2010 Nest Box Cam
Northern flickers successfully nested in a nest box on our barn in 2010, following months of fierce competition from European starlings. I was surprised to observe flicker and starling battles in nest boxes in the fall of 2008 and have since monitored their nest boxes during fall and winter as well as during the nesting season. The male Northern flicker does use nest boxes for night roosts in winter, but the starlings seemed to only be interested in reserving future nest sites. They would remove wood chips, sometimes bring nesting material, but rarely remain in the box for any length of time. The flickers failed to nest in 2009, despite my frequently trapping pairs of starlings in the flicker boxes.
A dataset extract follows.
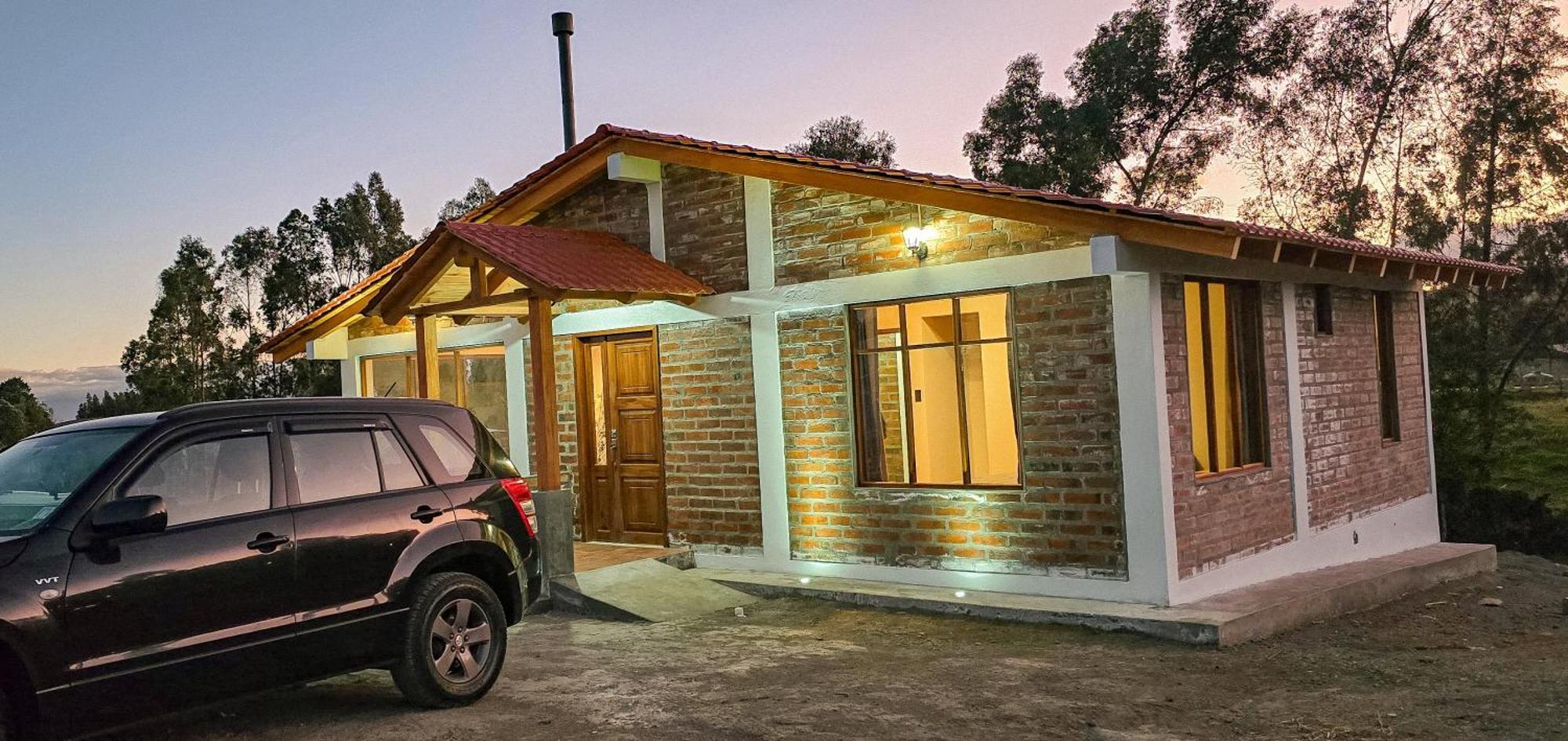 Cuscungo Cotopaxi Hostel & Lodge Chasqui Εξωτερικό φωτογραφία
In 2010, starlings drove the flickers from Box A on the barn wall, and then from box B. The flickers then excavated a hole under the eaves around the corner on the west wall. This simply opened into the barn and I immediately closed the hole, since it would allow the big brown bats to enter. The bats spend several weeks within a foot of this flicker hole each summer. Next, the flickers moved to the east wall of the barn and excavated a hole unusually low on the wall. It turns out that they chose the only place on any side of the barn where there is a double walled grain bin. It's likely that the flicker could detect the double wall from the sound of his tapping. This allowed the male to begin roosting in the wall, even though the entrance was several feet up from the floor. I then removed the inside wall boards and placed a nestbox (box S)inside the outer wall, using the flickers entrance hole. They seemed to greatly appreciate that bit of magic and successfully reared a brood in this box. I did have to trap several starlings that tried to drive them off. The video still at right shows the female kestrel in box A, the male flicker brooding in box S, and a pair of starlings beginning to nest in box B. In the barn photo below, S marks the entrance to the flicker box S. The white board is a hole cover trap to remove starlings.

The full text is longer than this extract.